How the Berlin Conference Clung on Africa: What Africa Must Do

How the Berlin Conference Clung on Africa: What Africa Must Do

Thursday, 12 January 2023

Who Actually Overthrew Mugabe?

History is crucial for every nation. To know its future, it must know its past. That’s where the centrality of history radiates. Today, I’ll briefly interrogate the coup that unseated Robert Mugabe. In 2017, Zimbabwe, for the second time of its choppy antiquity, evidenced what, up until now, has never gotten a scientific definition. The first one’s when disgraced Amai employed bedroom tactics to topple the Jongwe who later was finished off by the Ngwena
        Therefore, what transpired in Zim for the second time in 2017’s called coup d’état per se. Some call it a soft coup. Others call it a Zimbabwean thing. To others, it remains undefined and undefinable. For me though, what transpired was a coup. Neither’s it soft nor hard. It’s a coup if we agree that coup means an act or omission of pulling down of the government by mounting another on its place regardless of who’s behind or whether the fallen government was elected democratically or installed militarily. At law, Coup is unconstitutional by nature. Thus, whoever carried it out’s breaking the constitution of the land regardless of if the one booted out did or replicated the same. The difference’s that what transpired in Zim at the material time’s a civicmilitary coup that involved politicians and military. No coup can make sense without its executor, which in many cases is the junta. To know what happened in Zim when Jongwe’s booted out, even though his age had already phased him out, we need to know who took over thereafter.

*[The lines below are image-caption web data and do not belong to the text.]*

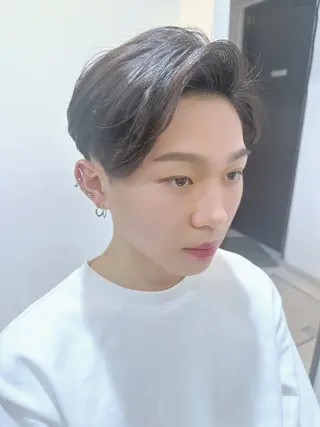 メンズ レイヤー 艶々カラーのヘアスタイル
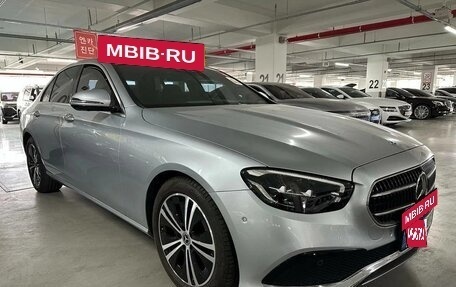 Mercedes-Benz E-Класс, 2022 год, 3 600 000 рублей, 1 фотография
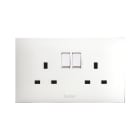 AVE - Doppia presa std inglese. colore RAL 9010. 2P+T 13A 250V finitura lucida 4 Mod.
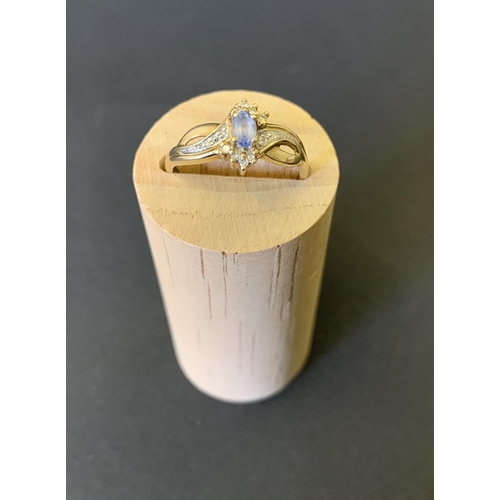 82 - A 9ct gold diamond chip and stone set ring, approx. size Q 1/2, weight approx. 1.8g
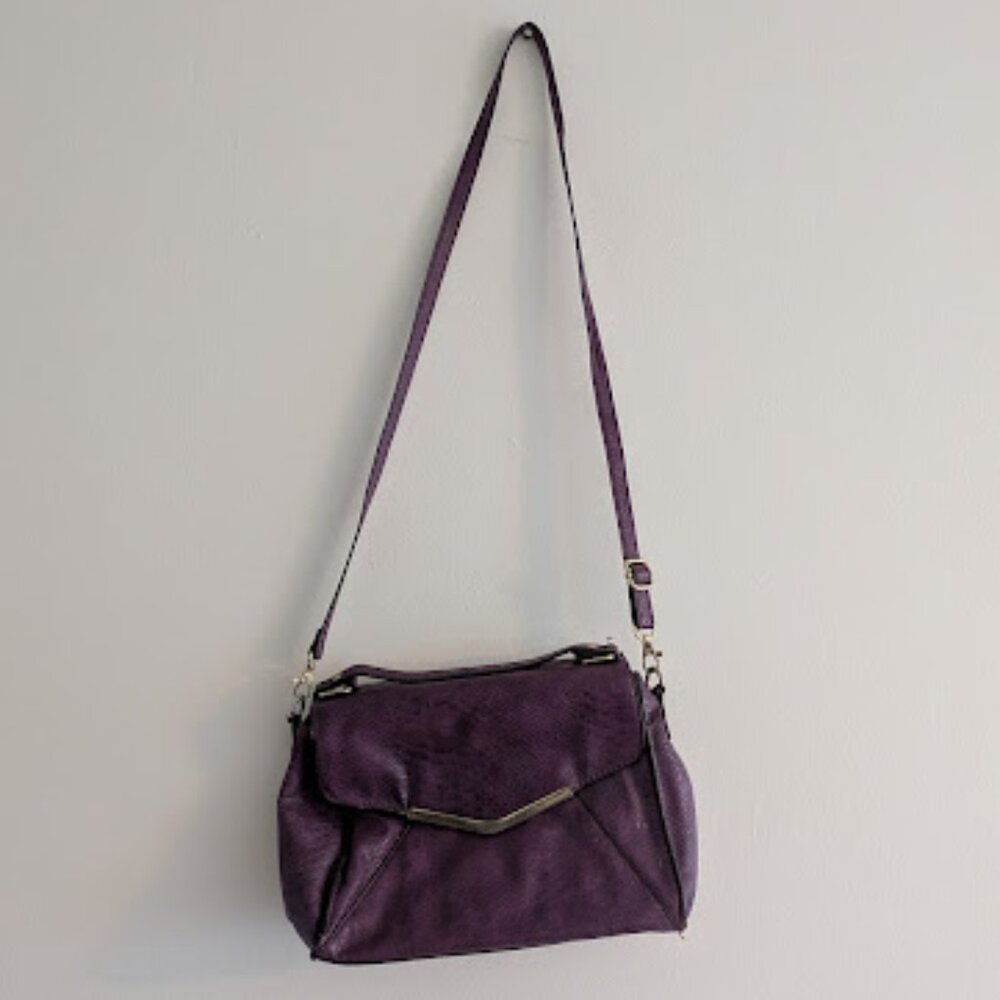 Cosmopolitan Purple Snakeskin Crossbody Purse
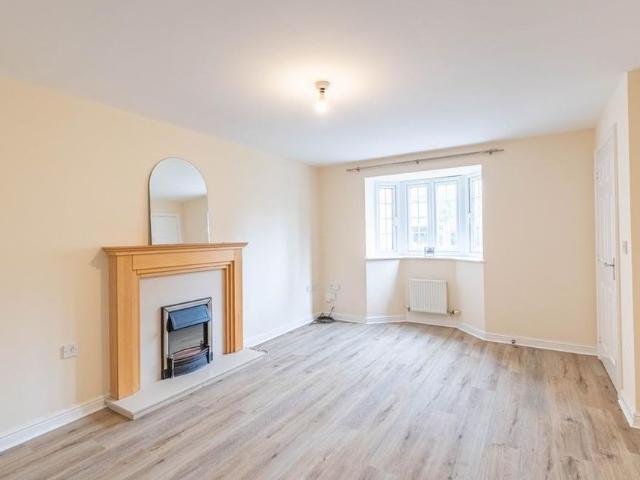 Townhouse for rent in West Yorkshire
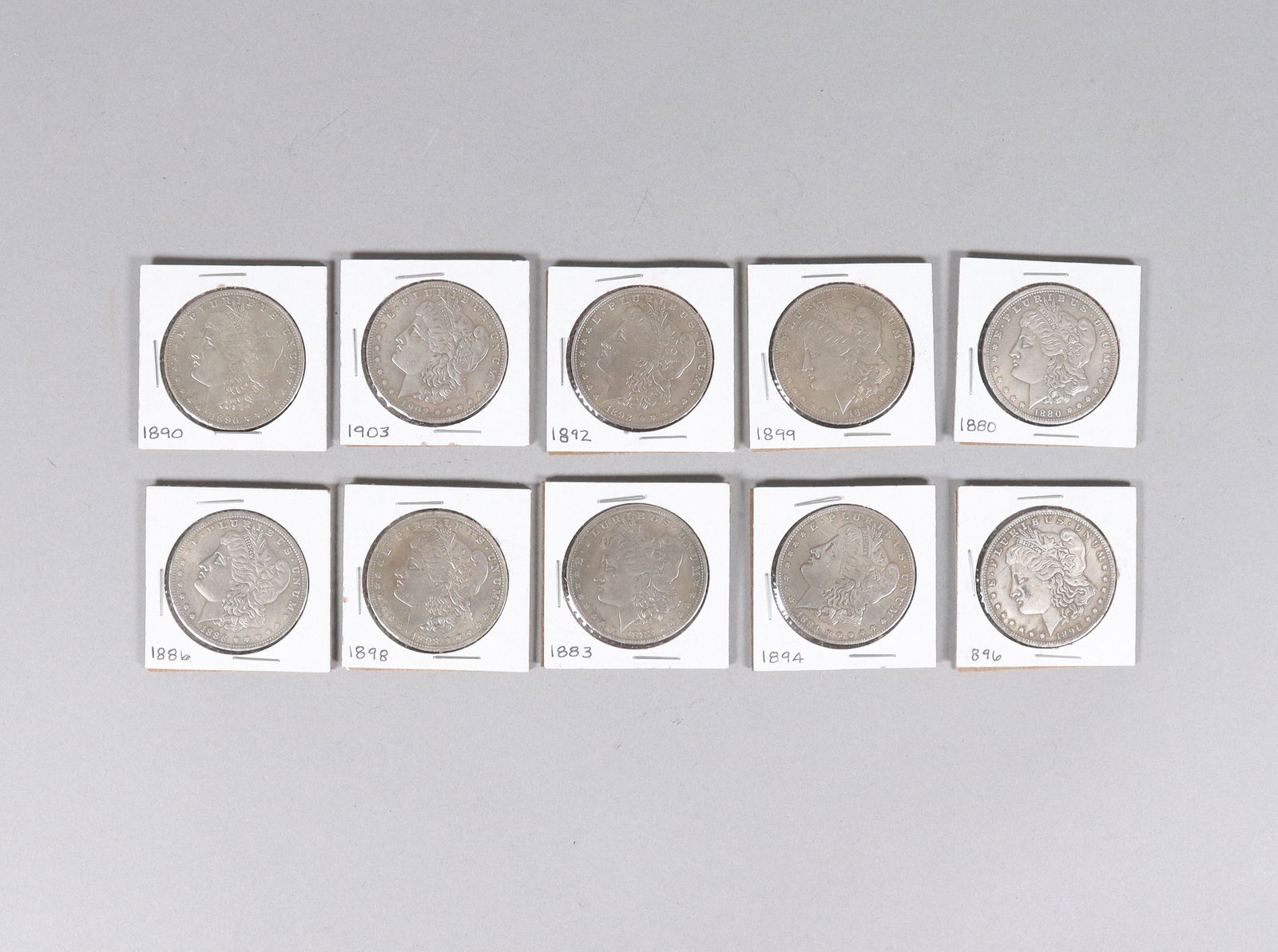 Lots U.S. coins ungraded: Lots U.S. coins ungraded. We do not guarantee any grading, material, age, engraving or carving. We do not do any grading. Possibly repoduction or copy. Condition selling it as is, no return. Please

        As we ponder on the coup and its beneficiary, we need to look at who controlled and benefited or benefited whom, or who did what and got what considering the following realities:
        Two dramatis personae feature high in this coup, namely the then fired Vice President Emerson Mnangagwa and the then Commander of Zimbabwe Defence Forces, Constantino Chiwenga. Before booting Mugabe out, Chiwenga used to control Mugabe, his party, and regime. That’s why he easily scythed them out though not all if we consider the fact that the Lacoste fraction outfoxed and powdered the military, Mugabe, and his wife and snatched the power thereof.

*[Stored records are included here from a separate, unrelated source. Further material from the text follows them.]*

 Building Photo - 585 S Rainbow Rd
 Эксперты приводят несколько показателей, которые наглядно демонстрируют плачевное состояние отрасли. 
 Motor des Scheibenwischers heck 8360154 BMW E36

         Although Chiwenga and the military controlled Mugabe, another person did too. This was none other than the first lady who exploited the bedroom politics to try to give presidency a shot to no avail. What would she do if the old codger had already become senile over a decade before? One thing that this disgraced and greedy lady didn’t see’s the fact that nobody’s ever executed such a scheme in Africa. Did she want to become a harbinger of a bedroom coup or what? Again, with her measly education, despite being dubiously awarded a fake PhD, how could she skillfully and successfully execute such a complex scheme?

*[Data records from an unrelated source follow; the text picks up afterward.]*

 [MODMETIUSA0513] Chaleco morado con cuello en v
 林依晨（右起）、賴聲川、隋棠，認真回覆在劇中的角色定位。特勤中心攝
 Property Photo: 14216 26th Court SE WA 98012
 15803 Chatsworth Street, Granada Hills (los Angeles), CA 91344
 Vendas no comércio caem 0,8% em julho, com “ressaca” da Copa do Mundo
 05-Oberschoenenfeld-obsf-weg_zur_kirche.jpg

        By controlling Mugabe, his party, and regime, the army controlled everybody Zim underhandedly. If Chiwenga really controlled everything including the army to which he’s its top, how did he end up being controlled after the coup? This brings us to who actually deposed Mugabe between Mnangagwa, current boss, and his shadow aka backup, Chiwenga.  
        Naturally, in autocratic and crooked countries, politicians depend on the army to rule not vice versa. The two are like yin and yang though the latter brandish much more power than the former.  If this is the case, should we think that the duo consists of nothing but a puppet and a puppeteer? Whom depends on the mercy of who, why and for how long? Who gained and who lost in this convoluted coup? Who outsmarted whom and why?
        The questions above are crucial, especially at the moment Zims are preparing themselves for the coming general elections. Such questions must be correctly answered with the aim of freeing Zim from a kit and caboodle of hangers-on that have held it at ransom. 
        Zims need to know who toppled their government so that they can do in him or her. For, if they’d so, chances for the ongoing sanctions against it might be lifted. Zims need to execute a scheme that’ll free them including their sellouts in the upper echelons of power and the beneficiaries of the coup in question. 
        Methinks Zim needs probable, provable, and reliable persons but not coup makers. Their stint in offices hasn’t helped Zims out of the imbroglio, miseries, and manmade stinking penury. Who’d like such barracudas and washouts in the highest office of the land? Again, who benefited from the coup that saw the Jongwe being eaten by Ngwena?